FETÖ’nün mahrem yapılanmasına ilişkin yürütülen soruşturma kapsamında, 29 ‘hakim-savcı çalışma evi’ deşifre edildi. Soruşturma kapsamında alınan itirafçı beyanları doğrultusunda kamuda aktif görev yapmakta olan örgüt mensubu yeni şüphelilere ulaşıldı.
İstanbul Cumhuriyet Başsavcılığı Terör ve Örgütlü Suçlar Bürosunca FETÖ’nün mahrem yargı yapılanmasına ilişkin yürütülen soruşturma kapsamında FETÖ’nün hakim-savcı sınav çalışma evlerinin ilk olarak Ankara’da örgütlendiği, 2014 yılı ve sonrasında İstanbul ve İzmir’de de bu evlerin açılmaya başlandığı kaydedildi.
Alınan itirafçı beyanları doğrultusunda, hakim-savcı olmak için çalışan mezunların ya da hukuk öğrencilerinin İstanbul’da kaldığı evlerin tamamının yer gösterme ile tespit edildiği, abonelikler ve kira sözleşmelerinin evlerde kalan kişiler üzerinde yapıldığı fakat ‘çapraz faturalandırma sistemi’ ile birlikte örgüt evine ait faturaların başka örgüt evinde kalan şahsın üzerine kayıtlı olduğu belirtildi.
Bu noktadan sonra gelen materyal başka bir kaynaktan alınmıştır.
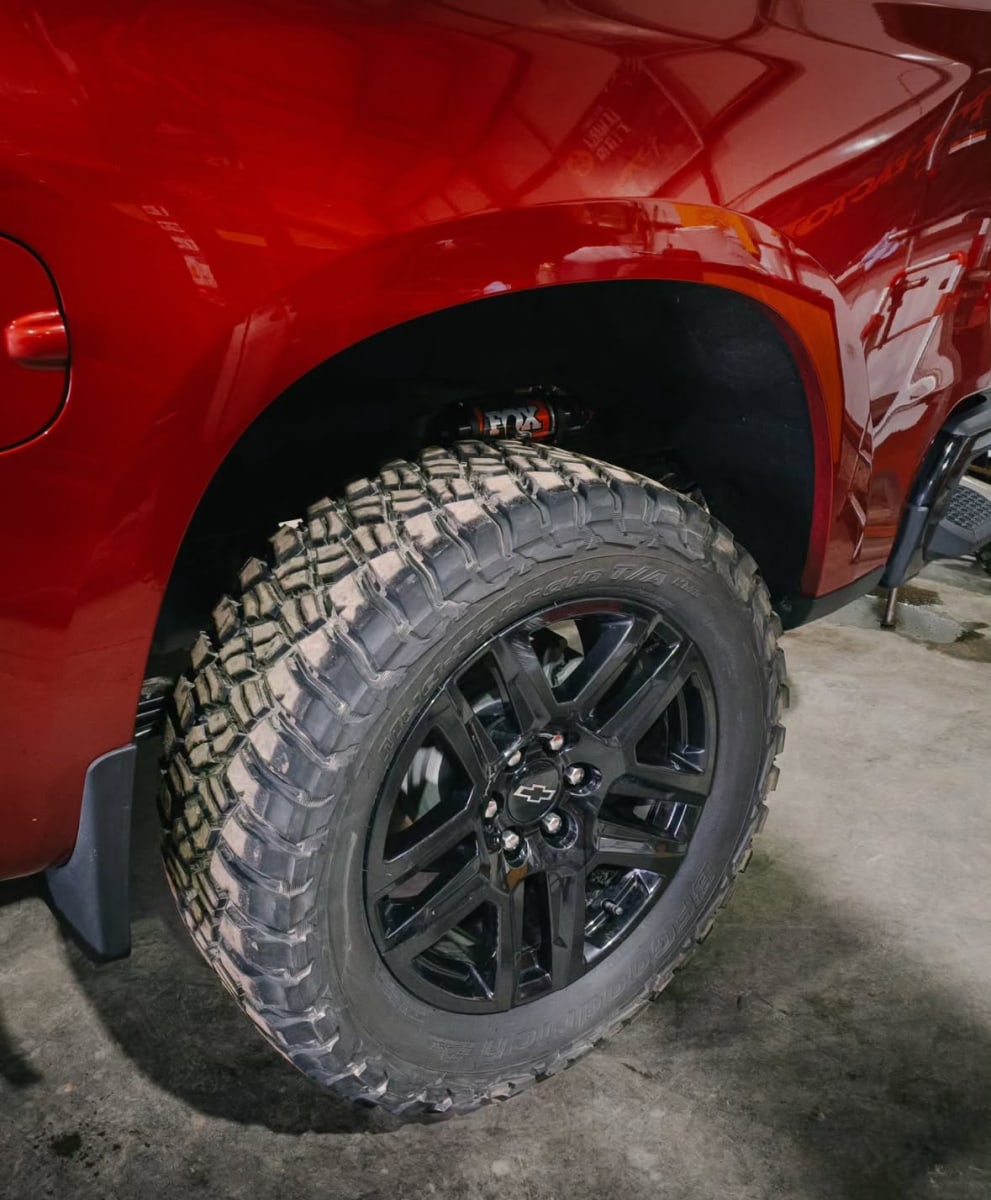 KIT FOX 2.5 DSC CHEVROLET SILVERADO TRAILBOSS 2019+3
Evlerde kalan şüphelilerin Bylock kullananların arasından seçilmediğini kaydeden savcılık, şüphelilerin Bank Asya gibi örgütsel kurum veya kuruluşlarla irtibatının olmadığı, evlere yönlendirilen şahısların özenle seçildiği ve ‘kripto’ olarak tabir edilebilecekleri belirtildi. Evlere üniversite zamanlarında örgüt evlerinde kalan ‘ev abiliği’, ‘mahrem polis (öğrenci)’ veya ‘asker (öğrenci) abiliği’ gibi görevler yürütmüş örgüt mensupları arasından hukuk fakültesi mezunlarının yönlendirildiği kaydedildi.
Evlerde kalanların adli yargı ile idare sınavlarına yönlendikleri ve 2014 yılına kadar örgütsel referans yöntemiyle mülakatı geçmelerinin sağlandığını belirten savcılık, 2014 yılı sonrasında aile ve sosyal çevreleri gözetilerek örgüt dışından referans bulmalarının söylendiğini belirtti. Örgüt mensuplarının bu konuda ‘renklendirme’ diye tabir edilen yöntemle farklı legal yapılar içerisine sızarak kamu görevlerine girdikleri, sınavı kazanamayanların ise örgüt yapılanmasından koparılmayarak avukatlık yapılanmasına gönderildikleri kaydedildi. Örgüt mahrem imamlarının evlerde kalan kişilerle ankesörlü telefonlar üzerinden cep telefonlarını arayarak irtibat kurduğu belirtildi.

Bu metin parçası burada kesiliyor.